◆ Problem ◆
Please return only the lines between the line with "view of front" and the final line of the entries, both included, and exclude pictures.

◆ Provided data ◆
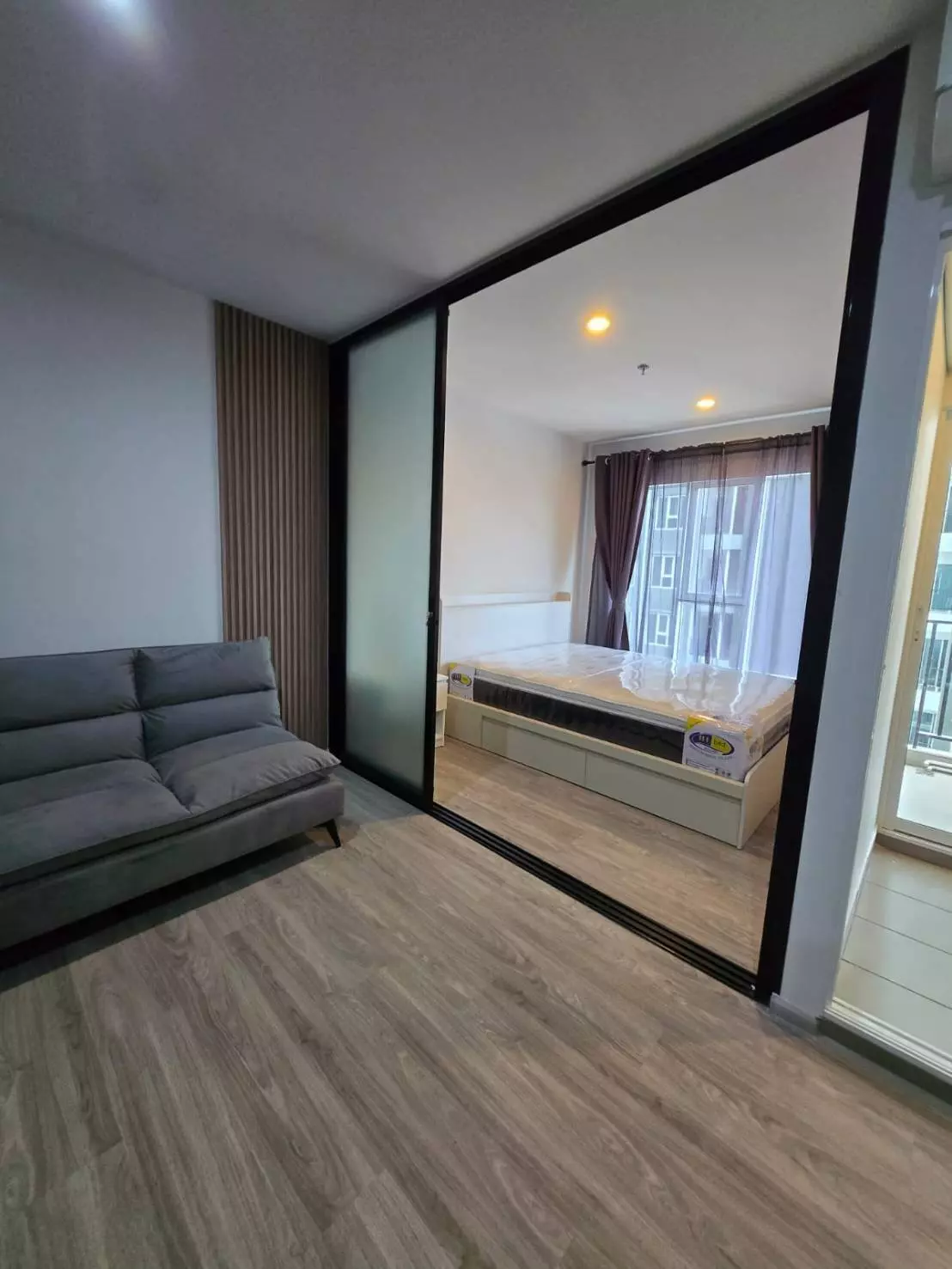 Studio living area with grey sofa and frosted glass partition in Regent Home Bangna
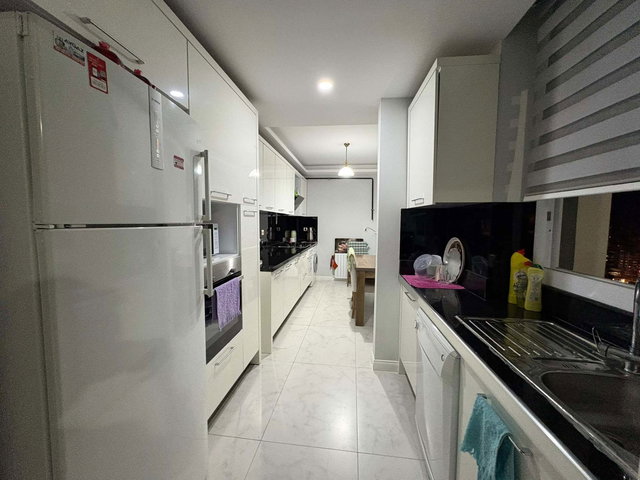 REMAX RINA'DAN MEZITLI'DE ŞEHIR VE DENIZ MANZARALI 2+1 DAIRE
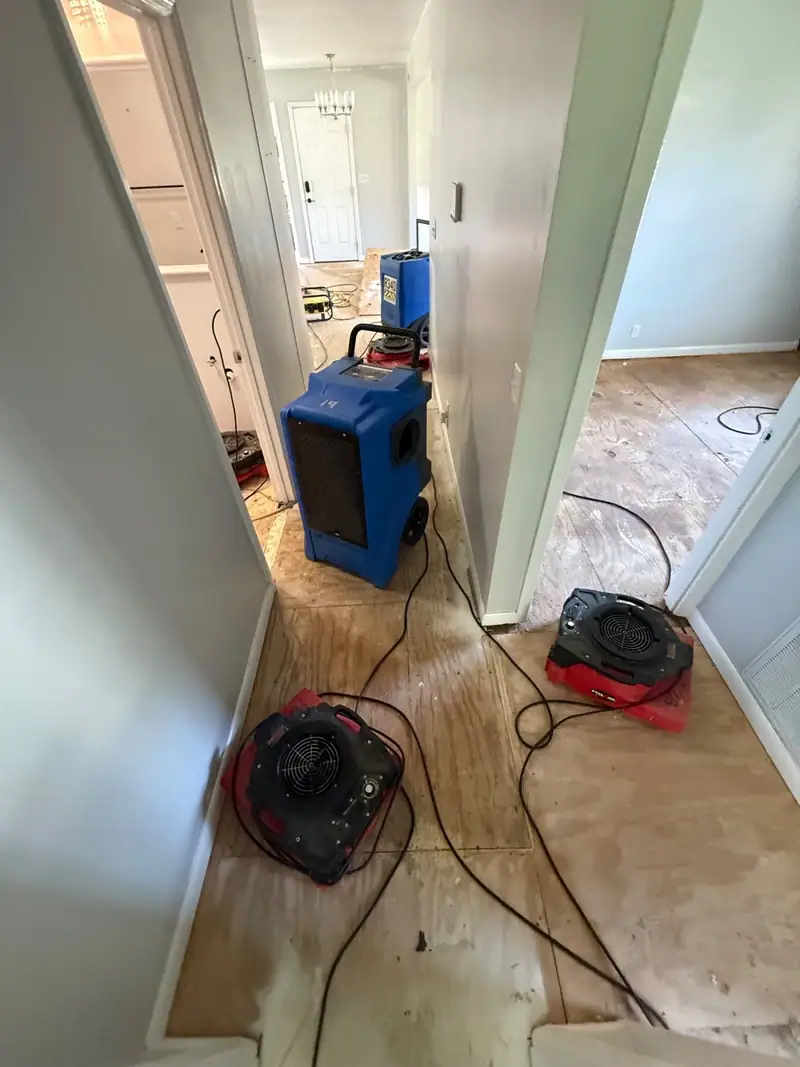 Dehumidifier and air movers lined up down a hallway on bare subfloor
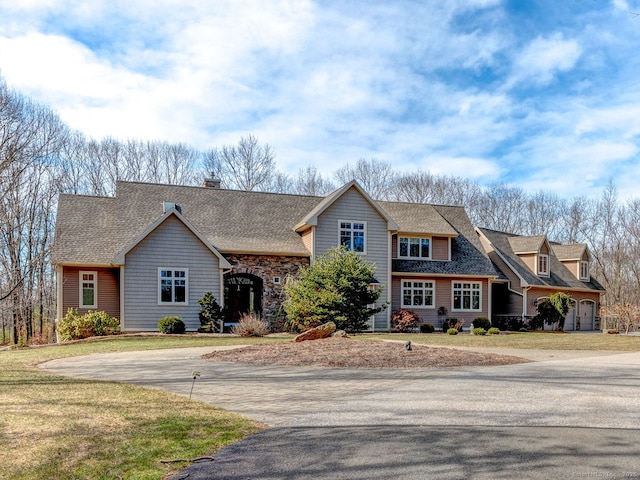 view of front facade featuring a front lawn, driveway, stone siding, roof with shingles, and a chimney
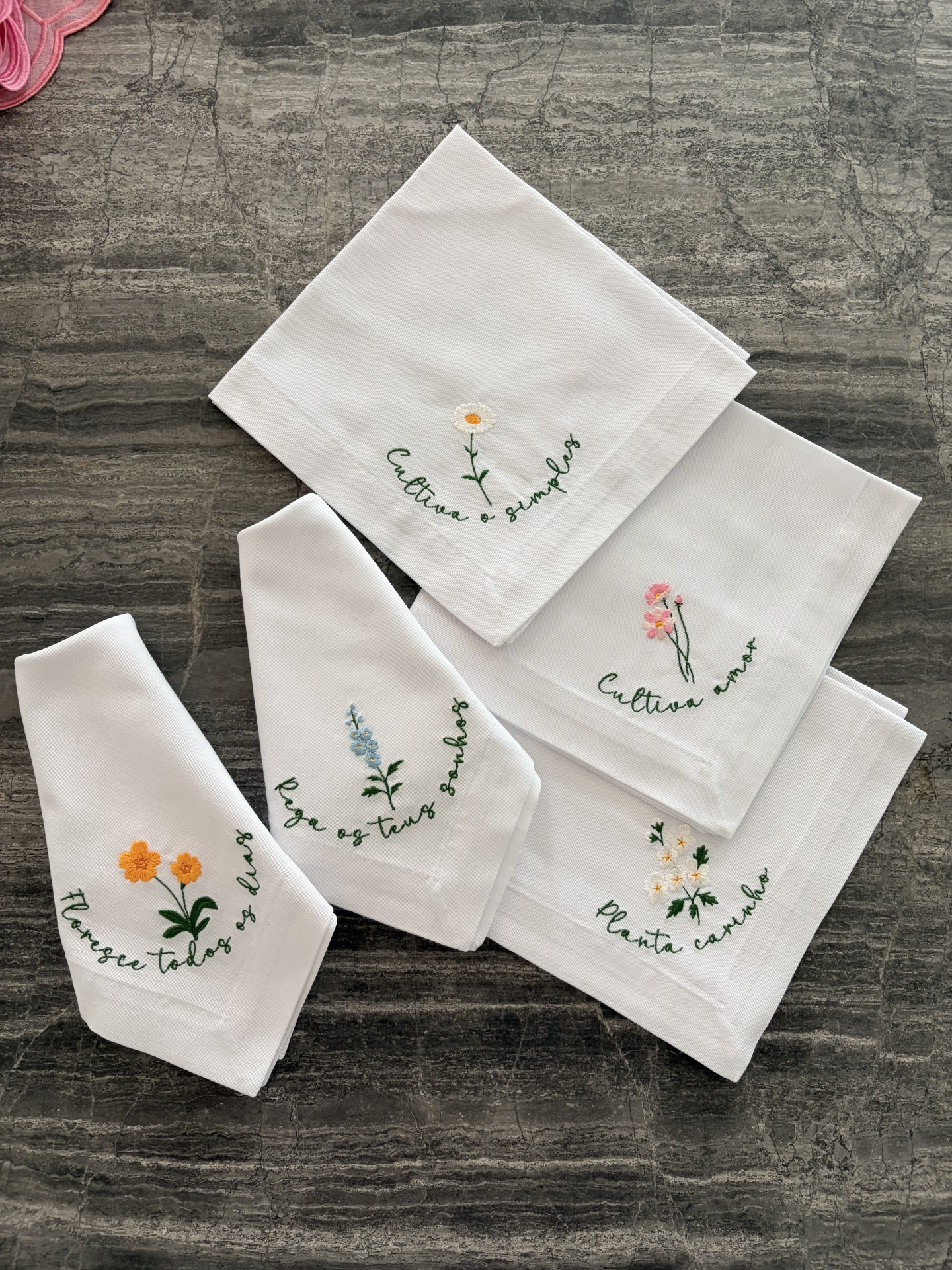 Guardanapos brancos com bordados de flores coloridas e frases em verde sobre superfície cinza.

◆ Result for this task ◆
 view of front facade featuring a front lawn, driveway, stone siding, roof with shingles, and a chimney
 Guardanapos brancos com bordados de flores coloridas e frases em verde sobre superfície cinza.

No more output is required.